> [Problem to work on]: Write out every line exactly, from the start of the records below to the line with "Misty forest path", and stop there. Don't write out the pictures.

————————

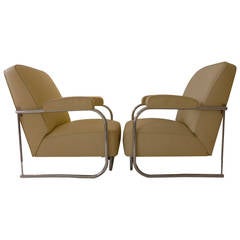 Pair of French Modernist Lounge Chairs 8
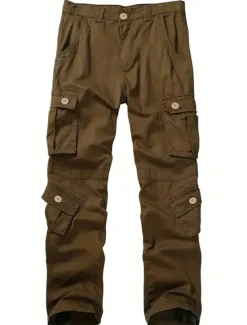 Outlet OUKU Men's Cargo Pants Work Pants Parachute Pants Pocket Multi Pocket High Rise Solid Colored Wearable Outdoor Full Length Outdoor Casual Streetwear Classic Loose Fit Yellow camouflage Grass Green High
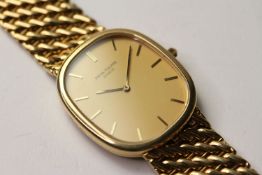 GENTLEMENS 18CT YELLOW GOLD PATEK PHILIPPE JUMBO GOLDEN ELLIPSE REF 3738/117, champagne cushion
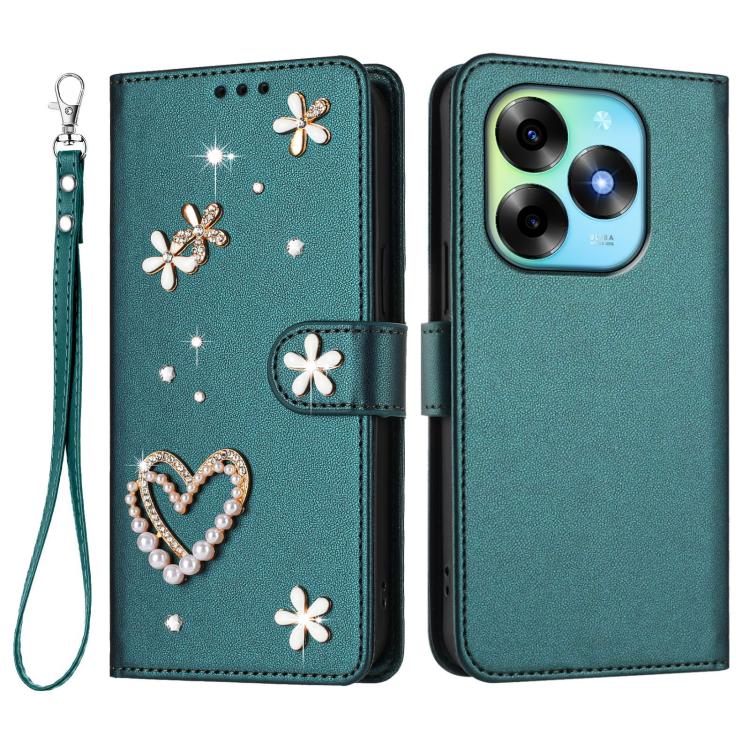 For itel S23+ ZS01 Double-Layer Heart Floral Vegan Leather Phone Case with Wrist Strap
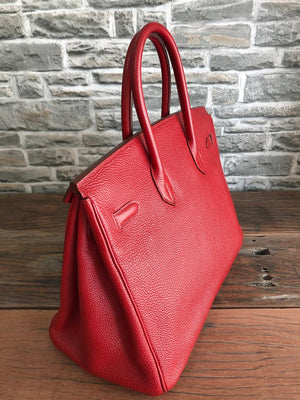 Birkin 35 Rouge Garance Togo K-Stamp with Palladium HDW
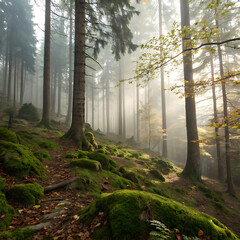 Misty forest path bathed in golden sunlight through tall trees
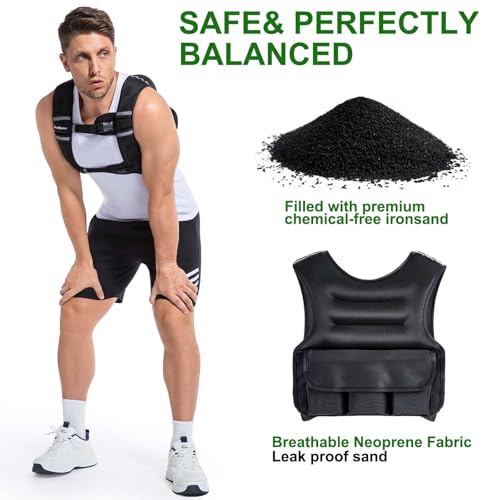 Adjustable Weighted Vest for Women and Men, DecRose 6-10lb/12-18lb Rucking Vest with 6 Ironsand Weights, Body Weight Vest for Home Workouts, Running, Walking and Strength Training - size: 6-10LB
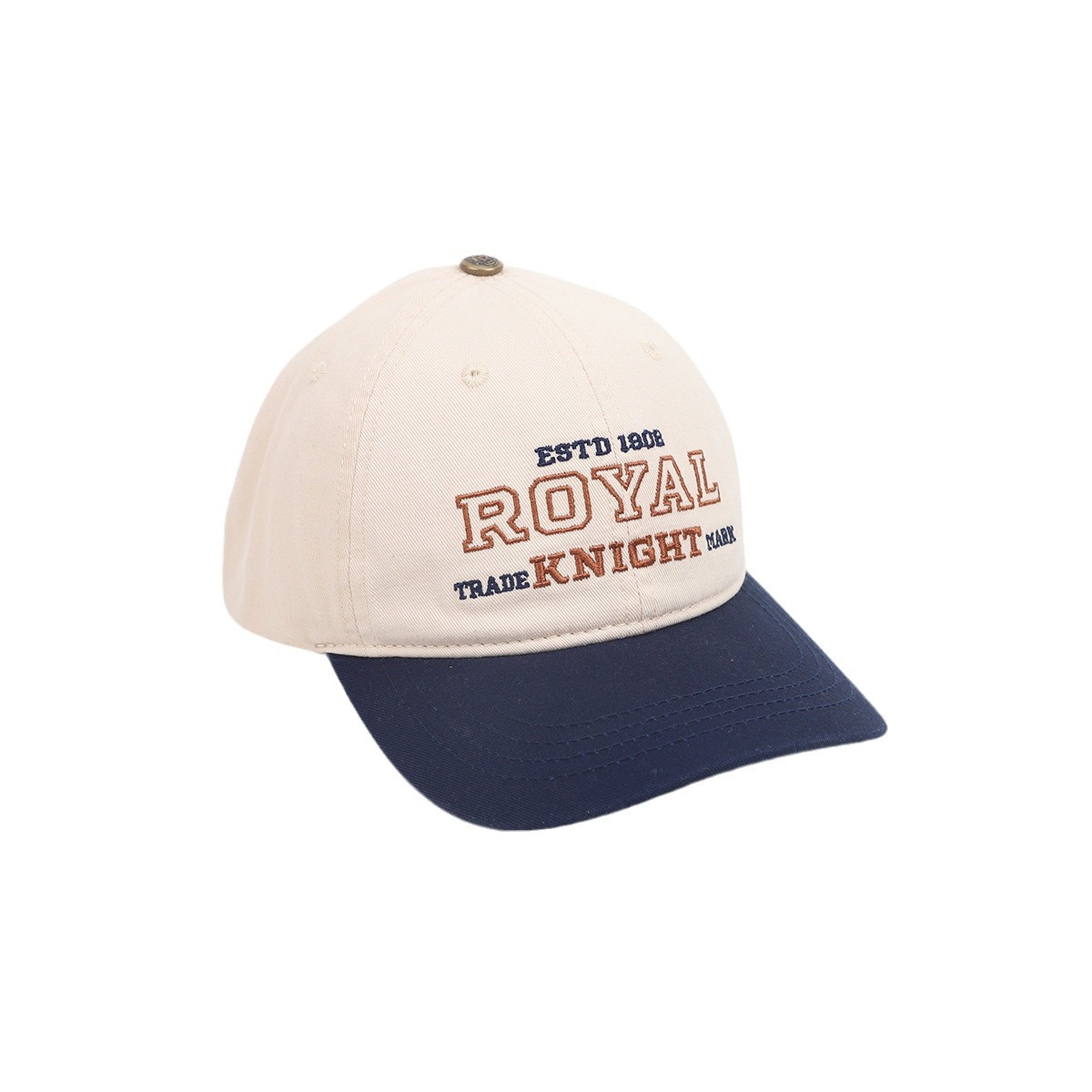 Picture of Chuangpeiyoupin Big Children Spring New Parent-Child Baseball Cap American Trendy ROYAL Color Splicing Washed Cotton Sun Hat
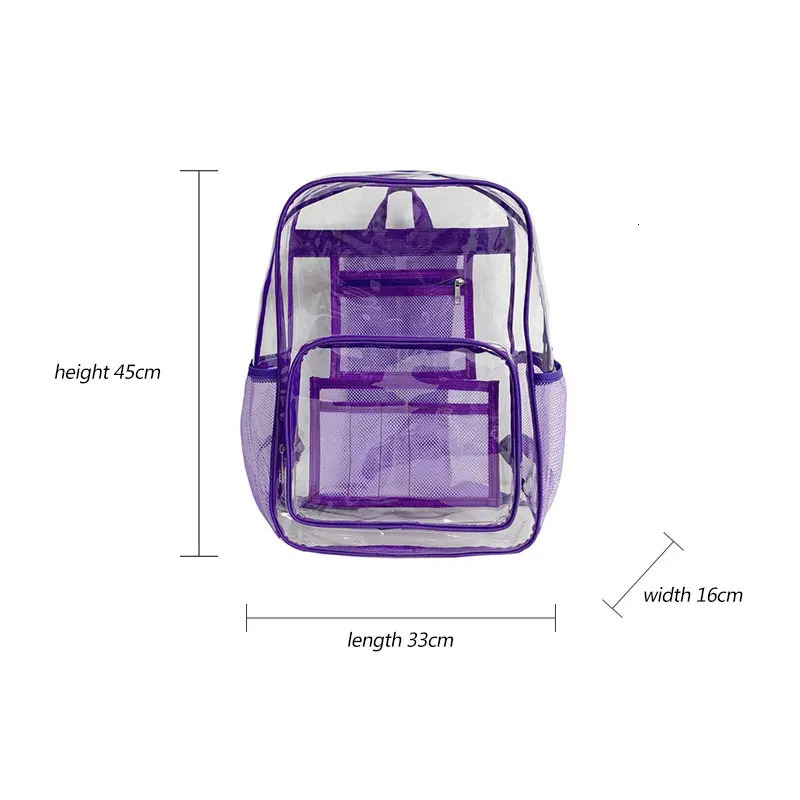 Womens large capacity transparent waterproof university backpack fashionable mens laptop school bag leisure travel aesthetic backpack 241106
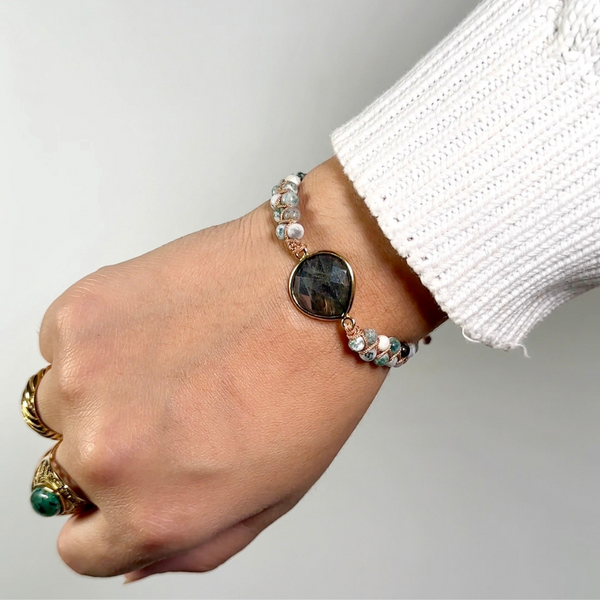 bracelet fin labradorite vermeil pierre naturelle fait main femme LONGUEUR  DE BRACELET AU CHOIX + 2cm + 1€ 15 cm + 2 cm chaînette de rallonge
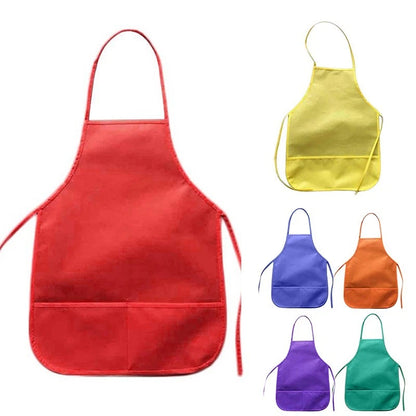 Children's Fabric Apron with Pockets for Kitchen Art Crafts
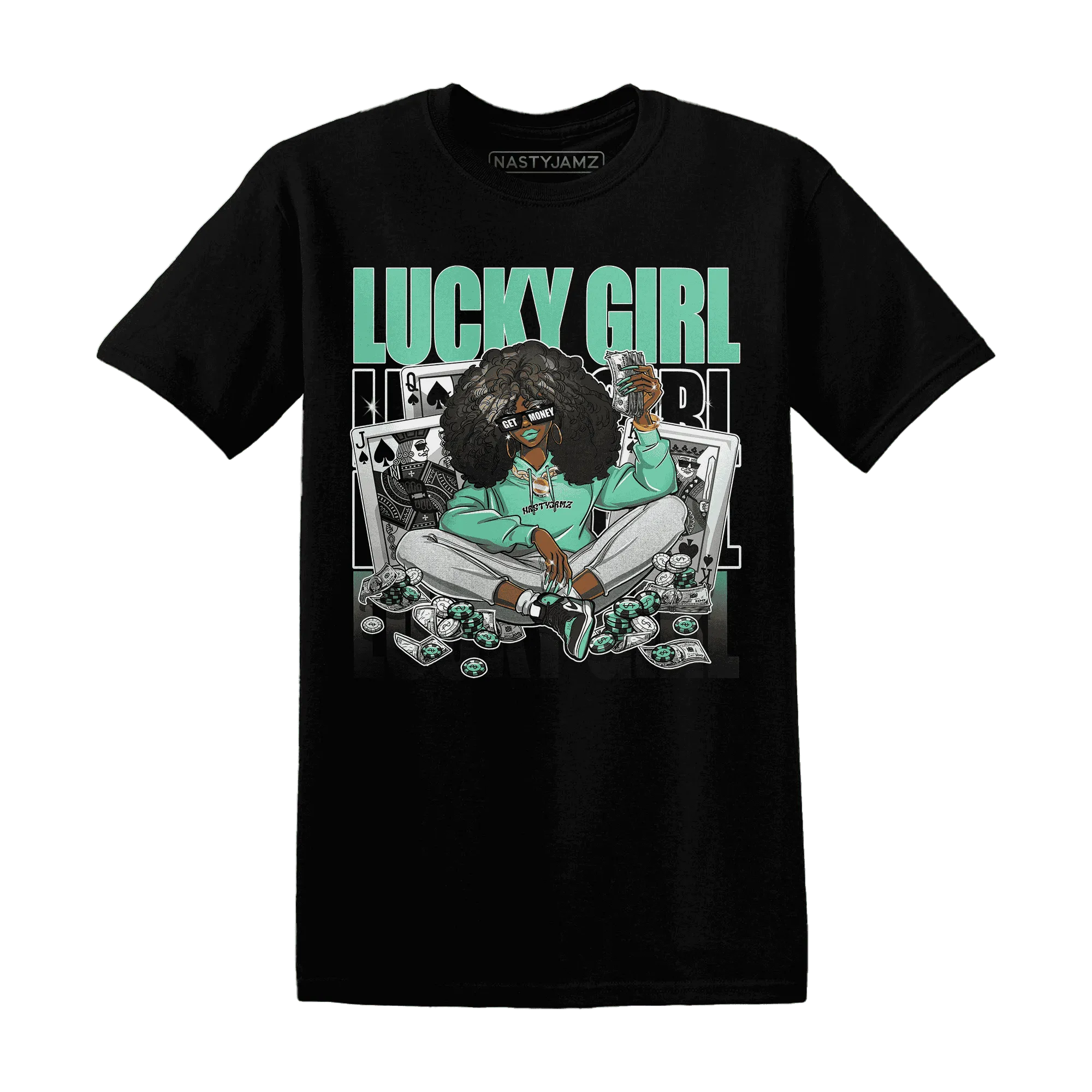 NastyJamz-High-OG-Green-Glow-1s-T-Shirt-Match-Lucky-Girl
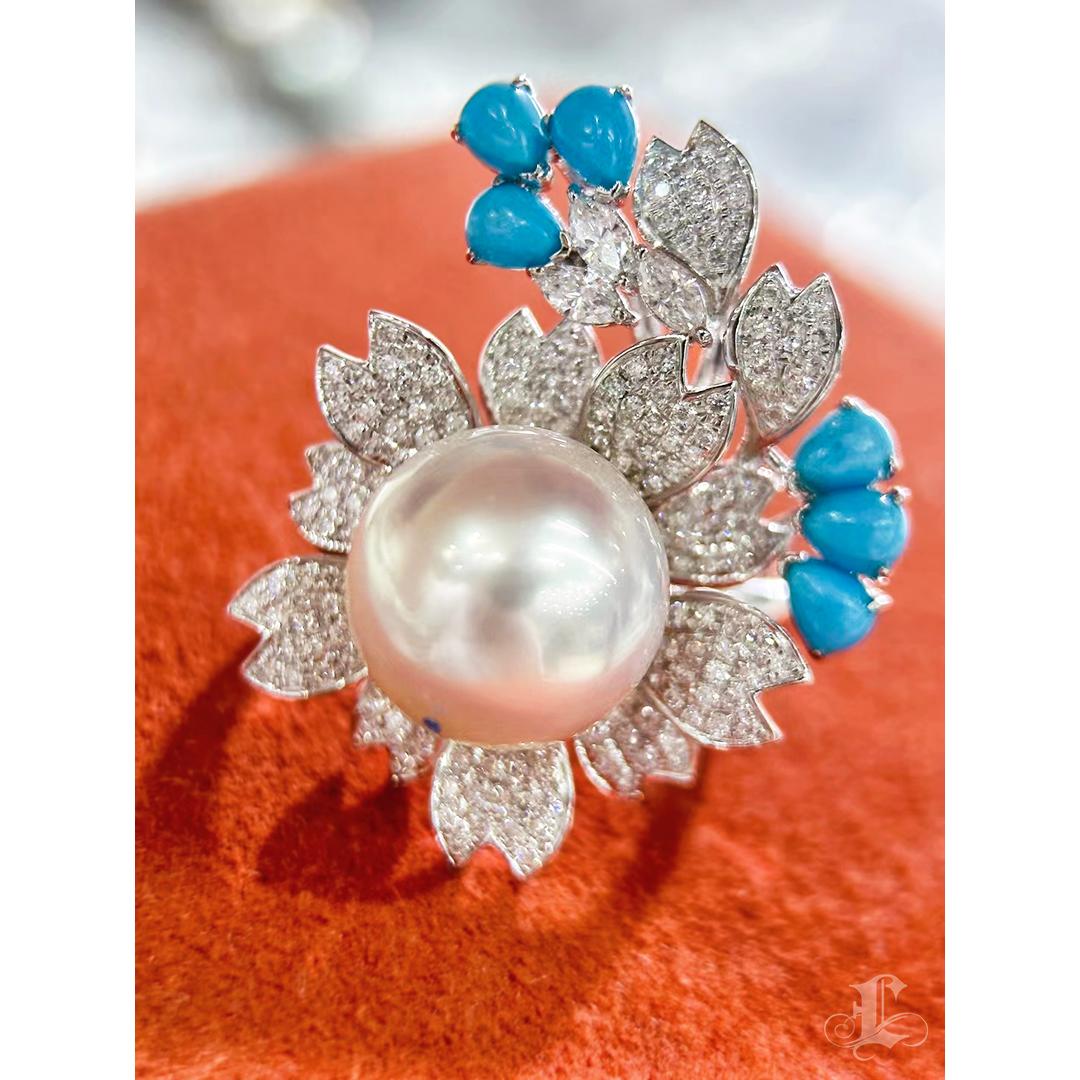 【Vine Symphony】Blossom Wreath South Sea Pearl Turquoise Diamond Ring For Sale 3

————————

> [Exercise response]:
 Pair of French Modernist Lounge Chairs 8
 Outlet OUKU Men's Cargo Pants Work Pants Parachute Pants Pocket Multi Pocket High Rise Solid Colored Wearable Outdoor Full Length Outdoor Casual Streetwear Classic Loose Fit Yellow camouflage Grass Green High
 GENTLEMENS 18CT YELLOW GOLD PATEK PHILIPPE JUMBO GOLDEN ELLIPSE REF 3738/117, champagne cushion
 For itel S23+ ZS01 Double-Layer Heart Floral Vegan Leather Phone Case with Wrist Strap
 Birkin 35 Rouge Garance Togo K-Stamp with Palladium HDW
 Misty forest path bathed in golden sunlight through tall trees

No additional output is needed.